*** DATA EXCERPTS Section Begins ***

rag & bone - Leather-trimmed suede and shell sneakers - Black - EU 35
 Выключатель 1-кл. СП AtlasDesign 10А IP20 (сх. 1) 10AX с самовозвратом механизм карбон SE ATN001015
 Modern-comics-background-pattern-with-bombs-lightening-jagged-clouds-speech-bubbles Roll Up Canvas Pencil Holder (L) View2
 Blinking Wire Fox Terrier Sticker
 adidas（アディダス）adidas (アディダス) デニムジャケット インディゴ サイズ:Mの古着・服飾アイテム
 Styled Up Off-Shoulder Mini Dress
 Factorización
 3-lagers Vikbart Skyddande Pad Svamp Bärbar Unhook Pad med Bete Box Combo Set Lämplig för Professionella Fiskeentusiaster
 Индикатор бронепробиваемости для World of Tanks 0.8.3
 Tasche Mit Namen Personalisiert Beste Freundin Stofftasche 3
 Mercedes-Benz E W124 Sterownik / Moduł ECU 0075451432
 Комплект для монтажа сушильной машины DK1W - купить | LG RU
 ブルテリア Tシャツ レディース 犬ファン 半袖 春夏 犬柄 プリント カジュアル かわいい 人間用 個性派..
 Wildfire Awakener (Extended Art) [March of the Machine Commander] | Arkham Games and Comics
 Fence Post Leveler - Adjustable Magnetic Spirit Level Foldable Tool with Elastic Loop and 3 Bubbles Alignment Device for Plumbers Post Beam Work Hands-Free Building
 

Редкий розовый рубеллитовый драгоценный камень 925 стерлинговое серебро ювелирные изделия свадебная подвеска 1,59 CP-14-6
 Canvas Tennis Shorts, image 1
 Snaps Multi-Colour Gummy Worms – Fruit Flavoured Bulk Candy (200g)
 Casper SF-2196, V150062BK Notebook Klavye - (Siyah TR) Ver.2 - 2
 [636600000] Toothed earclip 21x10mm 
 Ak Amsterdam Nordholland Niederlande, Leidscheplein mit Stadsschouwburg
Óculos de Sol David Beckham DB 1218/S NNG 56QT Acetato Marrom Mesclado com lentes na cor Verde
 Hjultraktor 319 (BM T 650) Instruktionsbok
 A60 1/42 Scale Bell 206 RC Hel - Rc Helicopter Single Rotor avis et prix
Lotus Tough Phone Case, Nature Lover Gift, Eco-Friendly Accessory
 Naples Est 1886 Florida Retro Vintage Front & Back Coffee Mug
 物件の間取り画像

*** DATA EXCERPTS Section Ends ***

▶ ASSIGNMENT:
The lines to show are those in the data above that include "Canvas".

▶ ANSWER FOR THIS EXERCISE:
 Modern-comics-background-pattern-with-bombs-lightening-jagged-clouds-speech-bubbles Roll Up Canvas Pencil Holder (L) View2
 Canvas Tennis Shorts, image 1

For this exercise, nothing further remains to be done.